WORKING DATA:
Start of Block

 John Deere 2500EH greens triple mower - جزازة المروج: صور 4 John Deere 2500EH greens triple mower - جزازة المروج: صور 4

End of Block
Start of Block

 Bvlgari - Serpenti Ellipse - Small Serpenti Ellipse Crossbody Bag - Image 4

End of Block
Start of Block

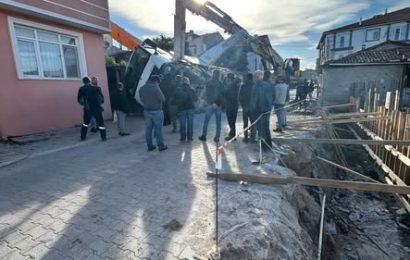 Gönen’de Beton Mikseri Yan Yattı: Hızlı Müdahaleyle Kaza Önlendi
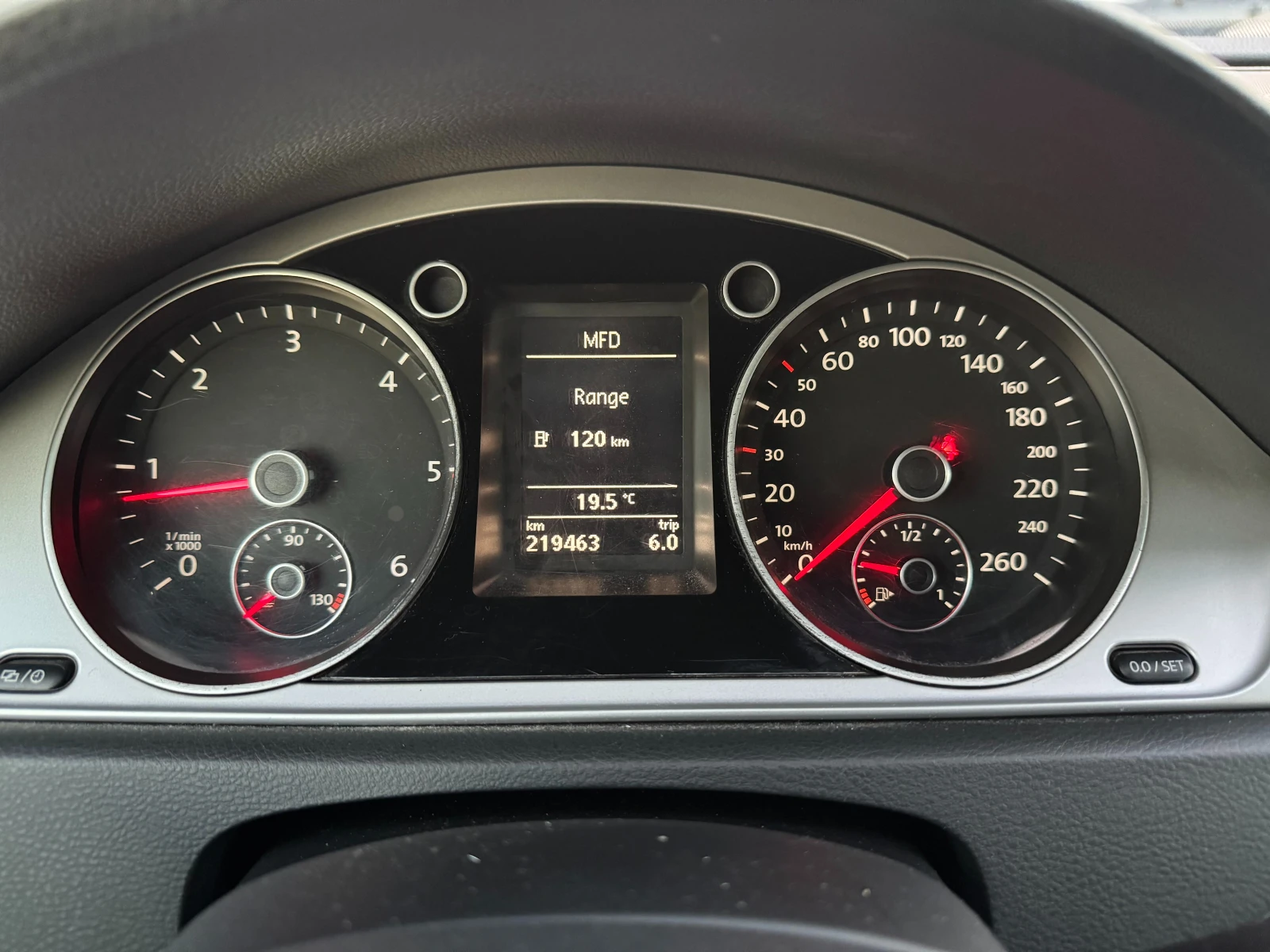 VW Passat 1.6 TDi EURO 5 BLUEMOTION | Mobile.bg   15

End of Block

WORK REQUIRED:
Go to the line above holding "Gönen’de Beton Mikseri", then copy exactly each line down to and including the one holding "VW Passat 1.6", leaving pictures out.

RESPONSE:
 Gönen’de Beton Mikseri Yan Yattı: Hızlı Müdahaleyle Kaza Önlendi
 VW Passat 1.6 TDi EURO 5 BLUEMOTION | Mobile.bg   15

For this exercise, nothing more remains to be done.